▶ _Exercise details_:
What is needed is an exact copy of all the records.

▶ _Recorded data_:
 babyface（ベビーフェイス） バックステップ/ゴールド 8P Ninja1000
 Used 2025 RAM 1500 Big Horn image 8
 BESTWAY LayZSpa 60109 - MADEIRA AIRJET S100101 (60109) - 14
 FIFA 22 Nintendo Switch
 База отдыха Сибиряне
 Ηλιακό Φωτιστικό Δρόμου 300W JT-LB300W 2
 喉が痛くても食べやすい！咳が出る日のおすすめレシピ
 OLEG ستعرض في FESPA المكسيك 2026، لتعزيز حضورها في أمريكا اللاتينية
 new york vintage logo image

▶ _Output_:
 babyface（ベビーフェイス） バックステップ/ゴールド 8P Ninja1000
 Used 2025 RAM 1500 Big Horn image 8
 BESTWAY LayZSpa 60109 - MADEIRA AIRJET S100101 (60109) - 14
 FIFA 22 Nintendo Switch
 База отдыха Сибиряне
 Ηλιακό Φωτιστικό Δρόμου 300W JT-LB300W 2
 喉が痛くても食べやすい！咳が出る日のおすすめレシピ
 OLEG ستعرض في FESPA المكسيك 2026، لتعزيز حضورها في أمريكا اللاتينية
 new york vintage logo image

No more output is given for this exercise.